(Image-text web data)
▬▬▬
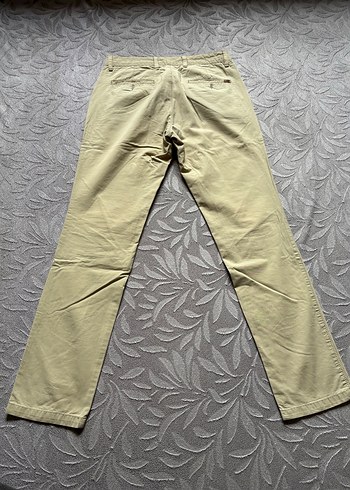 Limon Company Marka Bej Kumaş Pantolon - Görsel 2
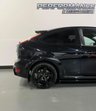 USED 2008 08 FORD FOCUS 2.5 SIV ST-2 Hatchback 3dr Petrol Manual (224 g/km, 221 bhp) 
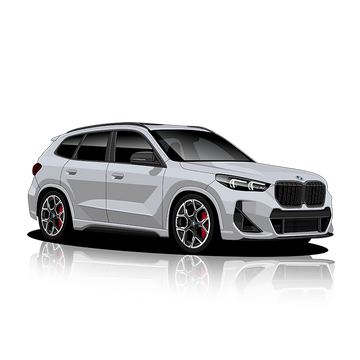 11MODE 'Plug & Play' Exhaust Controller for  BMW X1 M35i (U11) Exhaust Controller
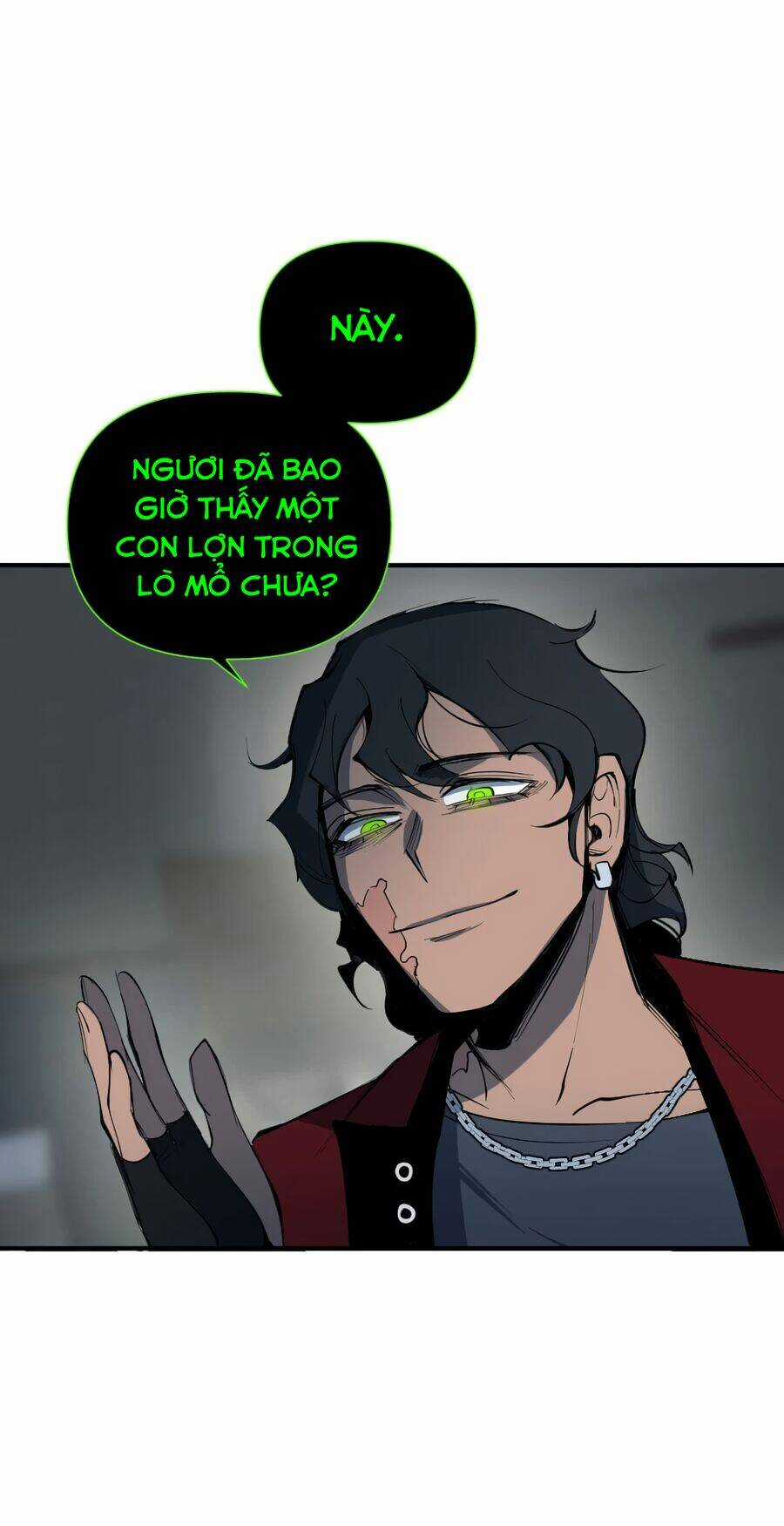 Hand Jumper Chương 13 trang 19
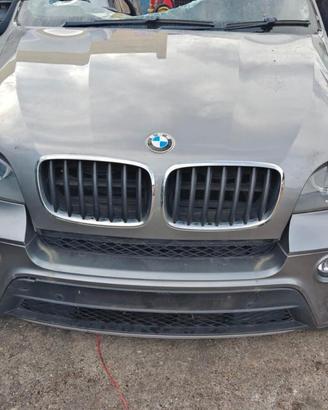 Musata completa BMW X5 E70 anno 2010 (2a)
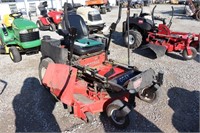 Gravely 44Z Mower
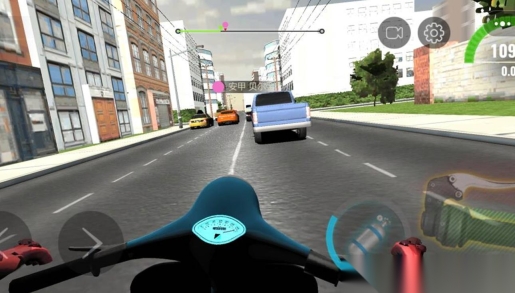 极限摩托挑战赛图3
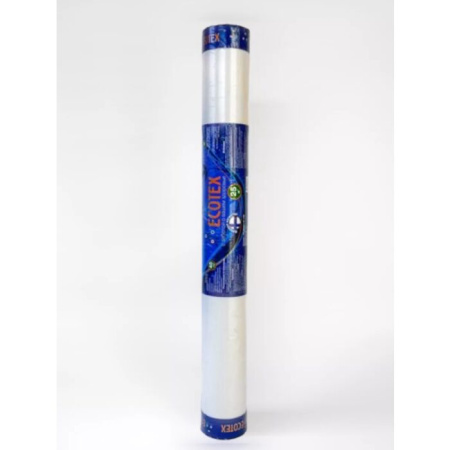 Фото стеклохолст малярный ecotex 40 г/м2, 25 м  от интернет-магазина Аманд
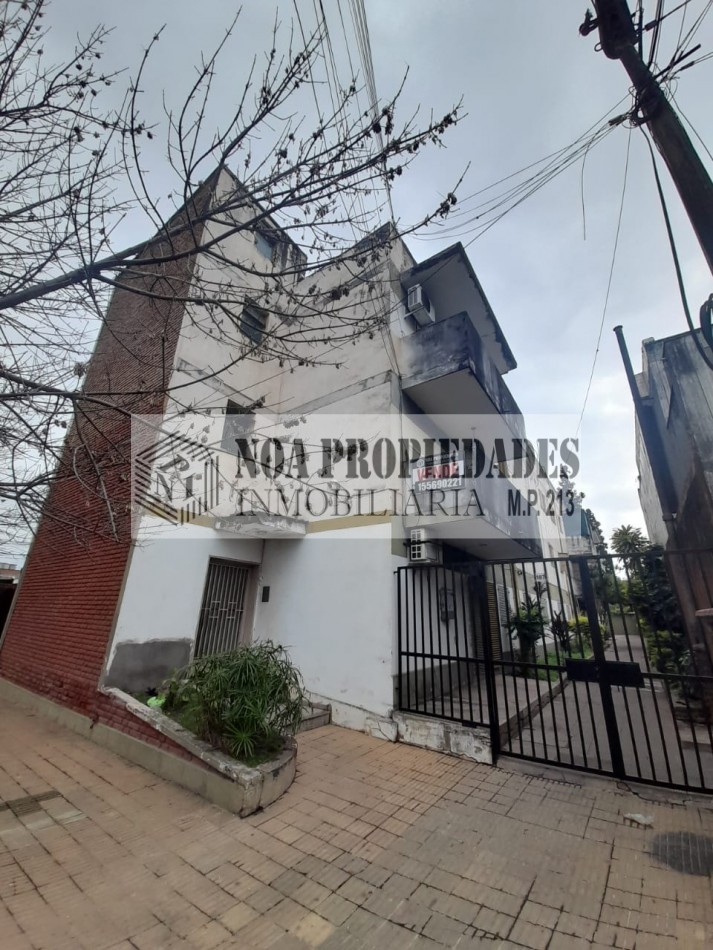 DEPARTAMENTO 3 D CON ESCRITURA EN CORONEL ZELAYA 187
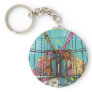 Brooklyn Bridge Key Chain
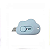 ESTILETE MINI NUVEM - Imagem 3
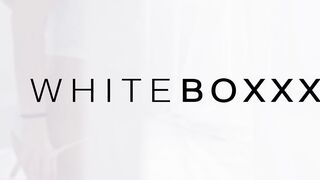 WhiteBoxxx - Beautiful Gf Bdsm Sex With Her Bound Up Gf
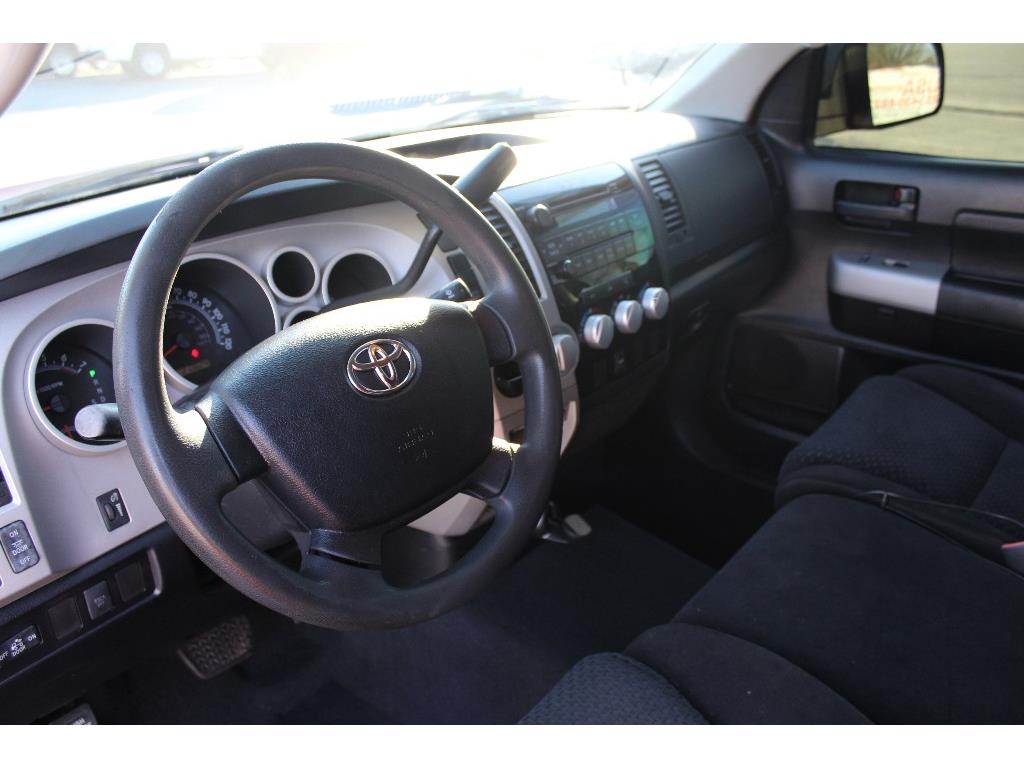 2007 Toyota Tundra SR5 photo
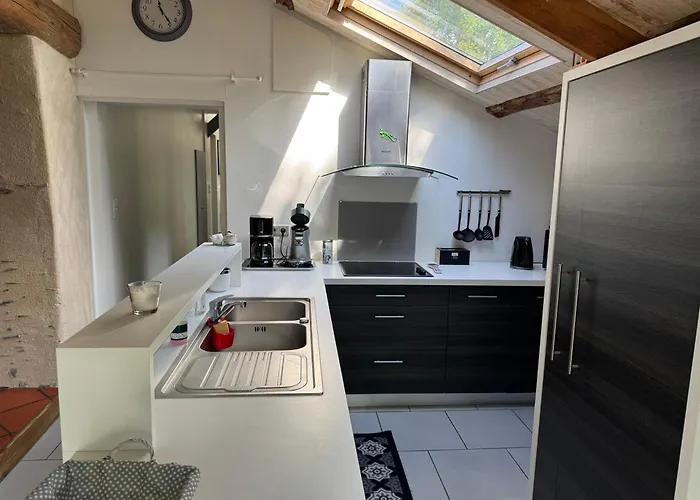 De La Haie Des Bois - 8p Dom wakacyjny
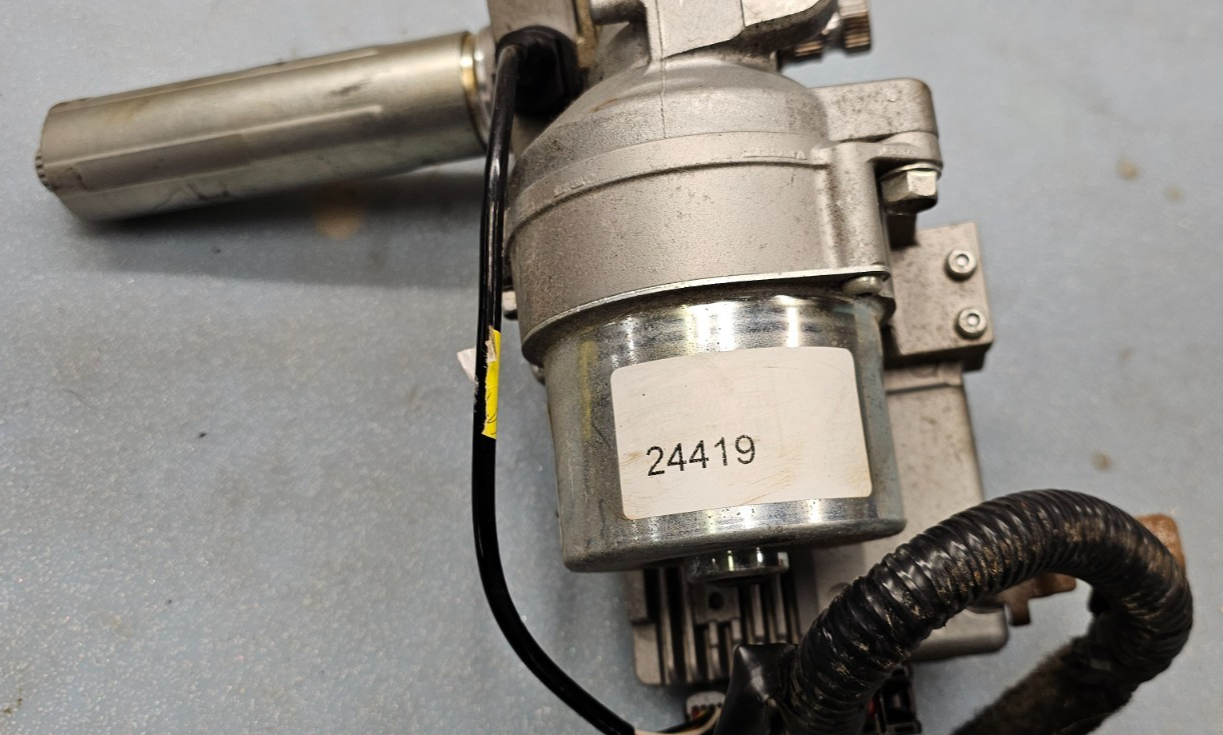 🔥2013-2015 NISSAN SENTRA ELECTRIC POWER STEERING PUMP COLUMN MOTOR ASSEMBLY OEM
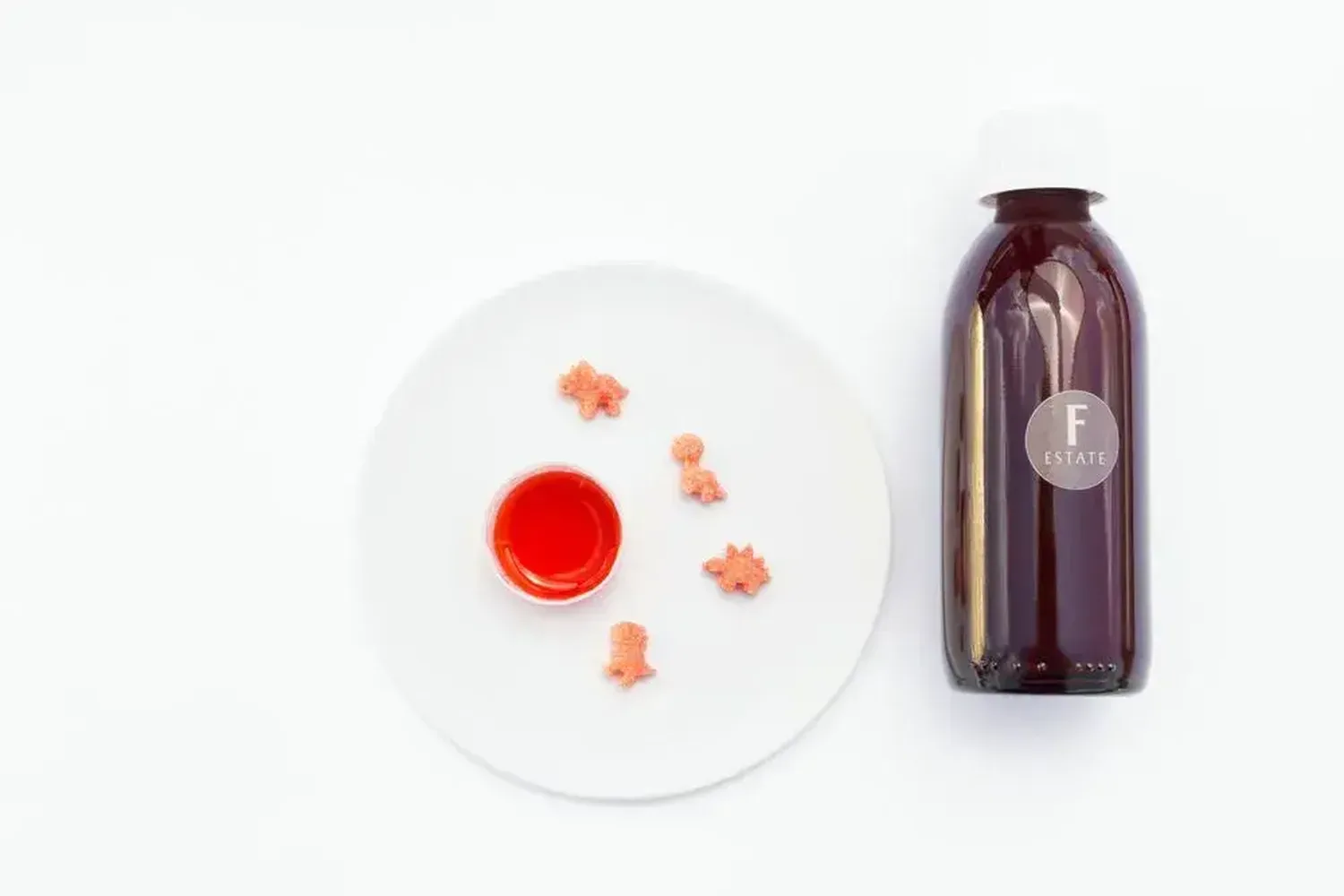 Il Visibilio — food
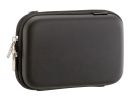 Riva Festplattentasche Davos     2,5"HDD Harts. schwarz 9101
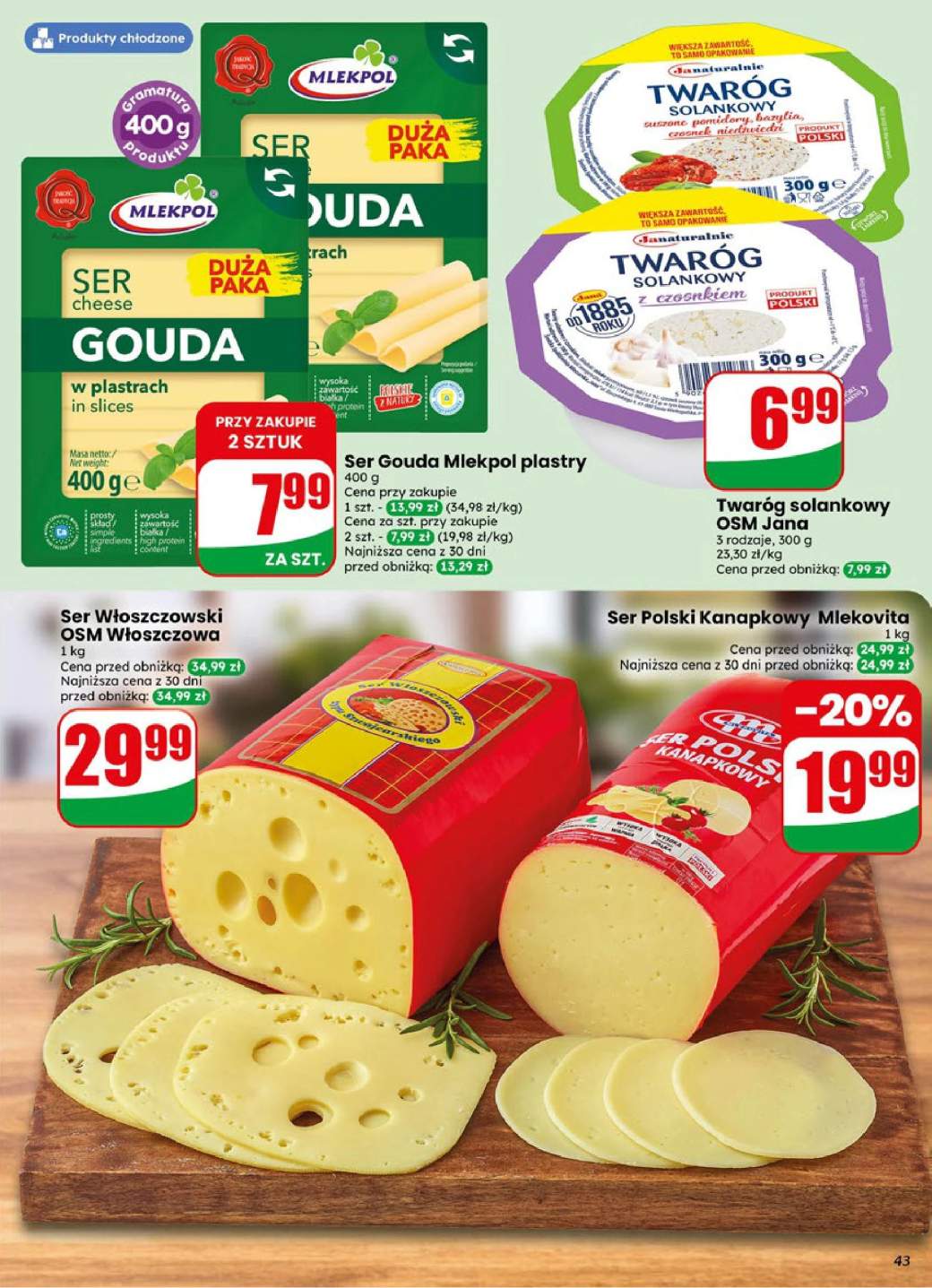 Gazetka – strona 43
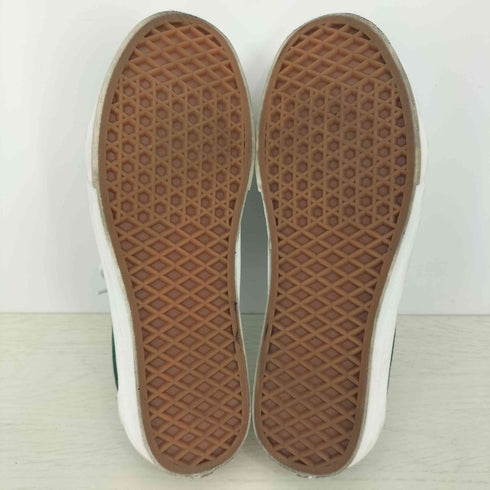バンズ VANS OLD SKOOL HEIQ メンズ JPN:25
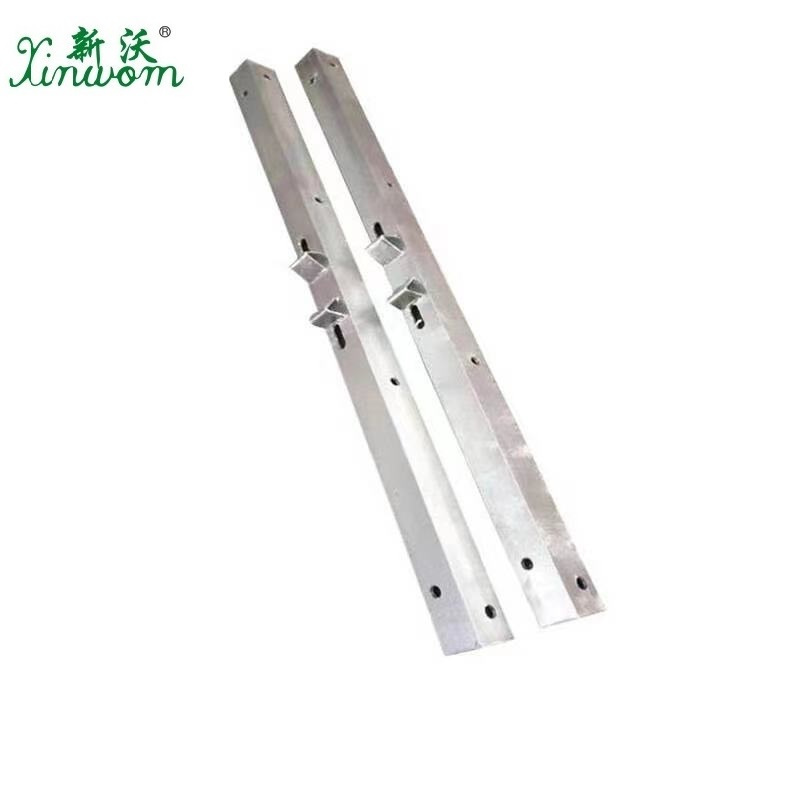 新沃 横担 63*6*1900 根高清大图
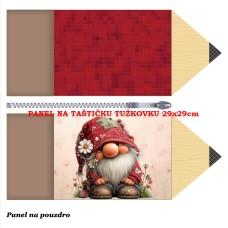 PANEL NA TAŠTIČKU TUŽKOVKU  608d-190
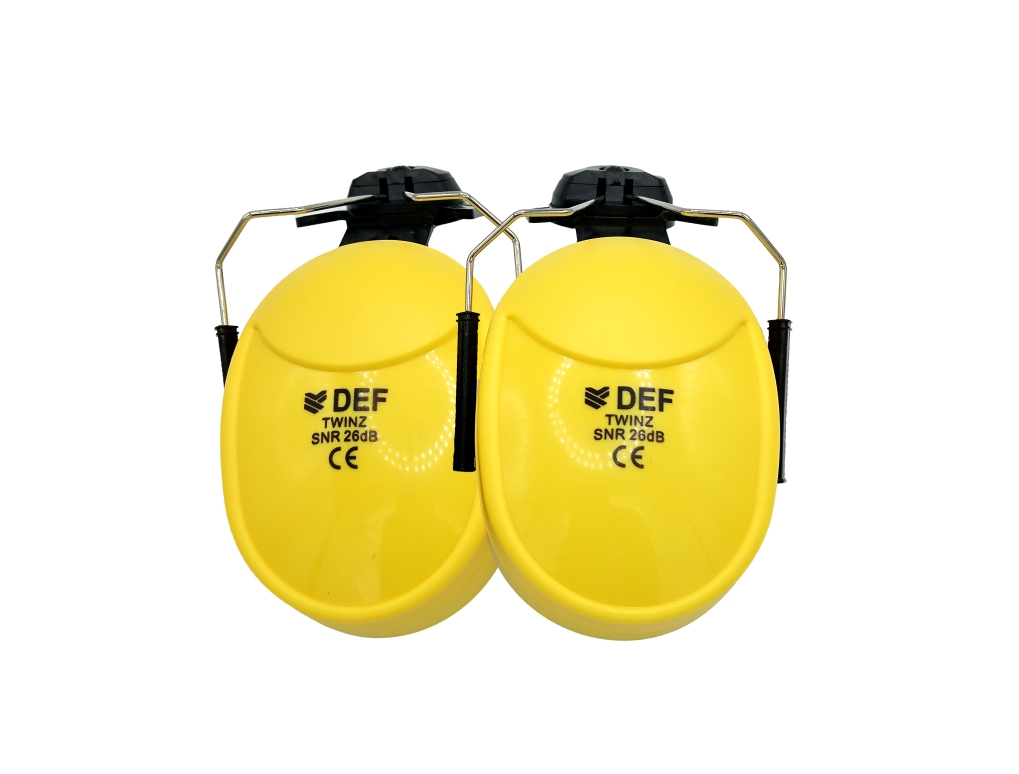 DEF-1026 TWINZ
▬▬▬
[WHAT THE TASK ASKS]: Write out exactly the lines from the one containing "WhiteBoxxx - Beautiful" through the end of the entries, both included. Pictures are not copied.

[OUTPUT FOR THIS TASK]:
 WhiteBoxxx - Beautiful Gf Bdsm Sex With Her Bound Up Gf
 2007 Toyota Tundra SR5 photo
 De La Haie Des Bois - 8p Dom wakacyjny
 🔥2013-2015 NISSAN SENTRA ELECTRIC POWER STEERING PUMP COLUMN MOTOR ASSEMBLY OEM
 Il Visibilio — food
 Riva Festplattentasche Davos     2,5"HDD Harts. schwarz 9101
 Gazetka – strona 43
バンズ VANS OLD SKOOL HEIQ メンズ JPN:25
 新沃 横担 63*6*1900 根高清大图
 PANEL NA TAŠTIČKU TUŽKOVKU  608d-190
 DEF-1026 TWINZ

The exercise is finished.